TASK OBJECTIVE:
Reproduce every entry below precisely; do not include the pictures.

········

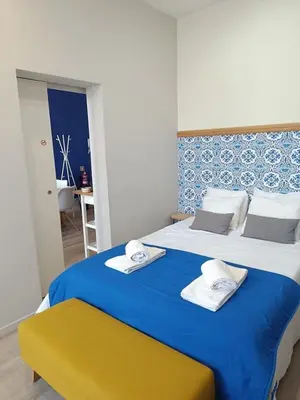 a bedroom with two beds with towels on them at Porto Alma 388 - Silent city center in Porto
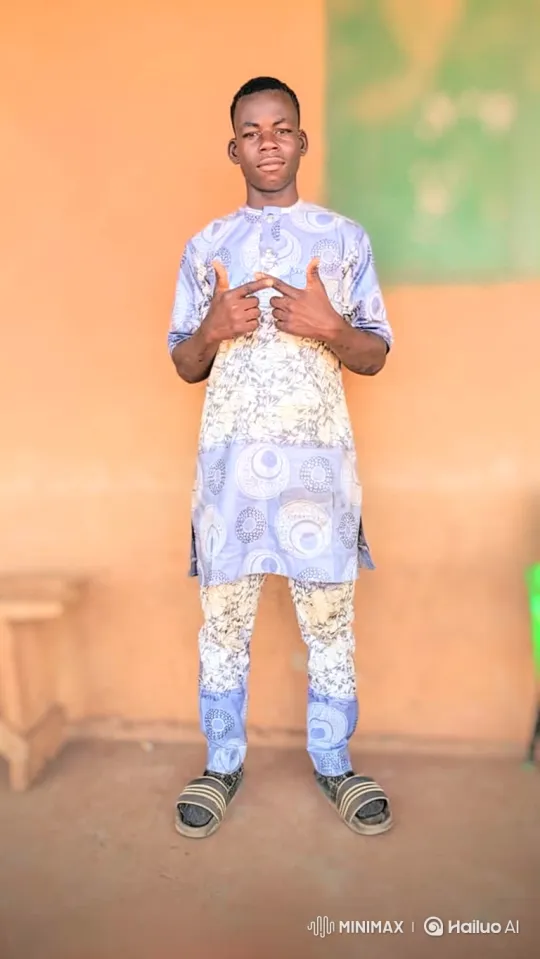 Young Man's Poised Transition in a Colorful Outfit – AI Generated Video | Hailuo AI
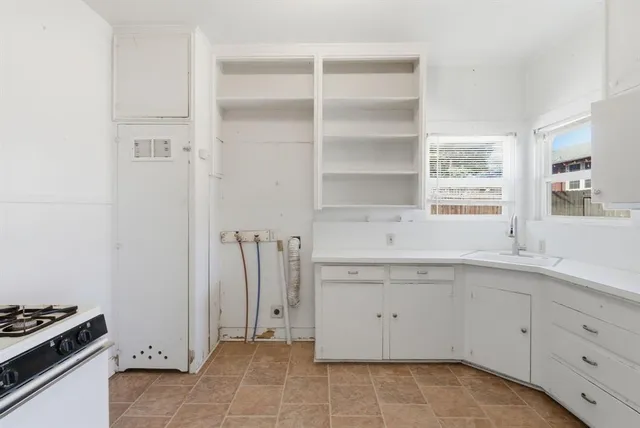 a view with cabinets and window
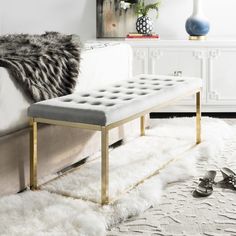 a living room with a white couch and ottoman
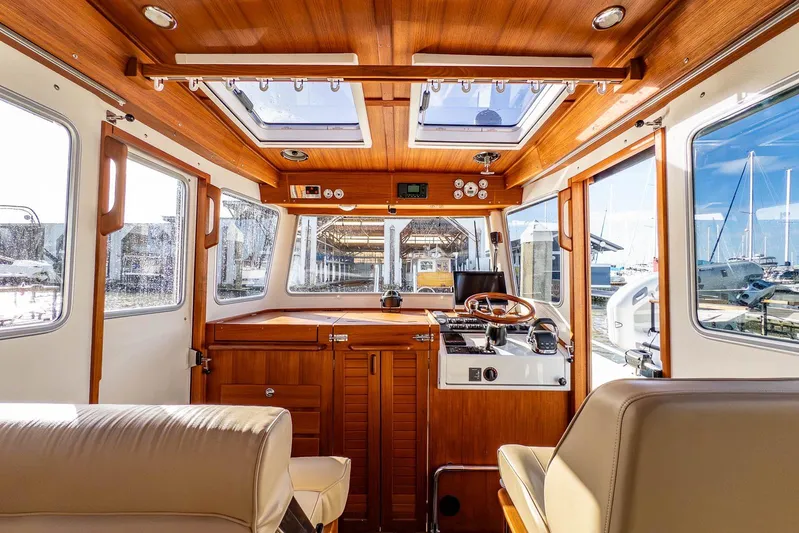  Yacht Photos Pics Interior of 2019 Targa 27.2 boat with wooden finish and modern controls.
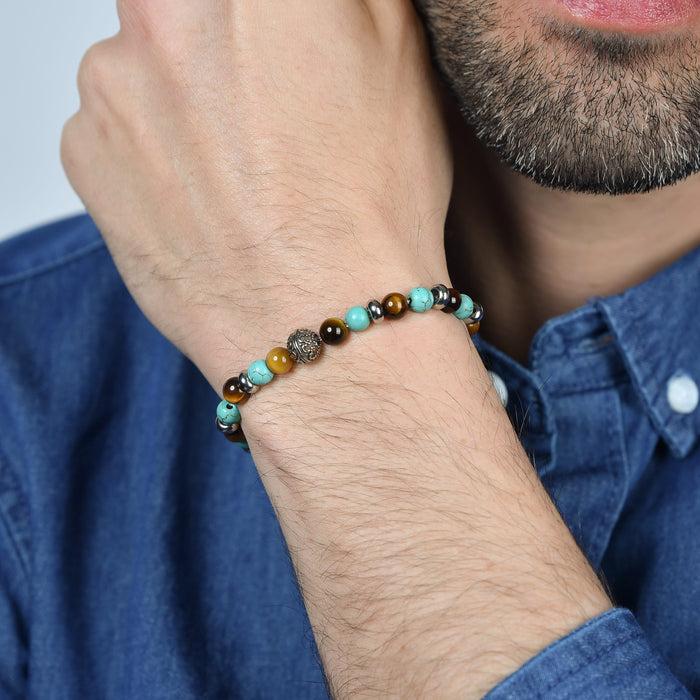 BRACCIALE UOMO ELASTICO CON PIETRE TURCHESI ED OCCHIO DI TIGRE ED ELEMENTI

········

RESPONSE TO THE TASK:
 a bedroom with two beds with towels on them at Porto Alma 388 - Silent city center in Porto
 Young Man's Poised Transition in a Colorful Outfit – AI Generated Video | Hailuo AI
 a view with cabinets and window
 a living room with a white couch and ottoman
  Yacht Photos Pics Interior of 2019 Targa 27.2 boat with wooden finish and modern controls.
 BRACCIALE UOMO ELASTICO CON PIETRE TURCHESI ED OCCHIO DI TIGRE ED ELEMENTI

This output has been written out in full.